[What the task requires]: Using the data below, return word for word every line from the one holding "American retro sweatshirt" down to the one holding "CLEARANCE SALE🔥 Plaid Lapel Blazer Coat". Leave pictures out.

══ Data for the task ══

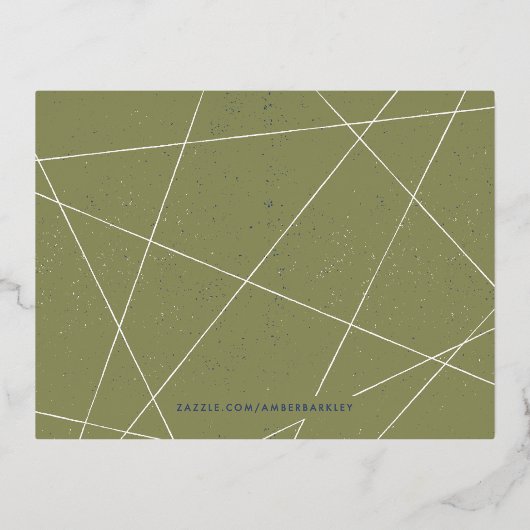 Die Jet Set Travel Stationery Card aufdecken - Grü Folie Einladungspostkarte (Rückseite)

═══
══ Data for the task ══

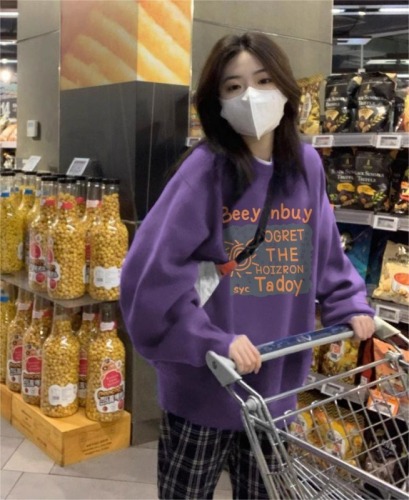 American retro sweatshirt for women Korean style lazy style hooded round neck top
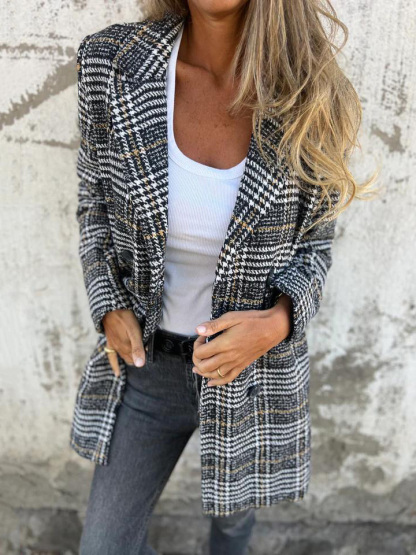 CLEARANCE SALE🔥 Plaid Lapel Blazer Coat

═══

[The completed task]:
 American retro sweatshirt for women Korean style lazy style hooded round neck top
 CLEARANCE SALE🔥 Plaid Lapel Blazer Coat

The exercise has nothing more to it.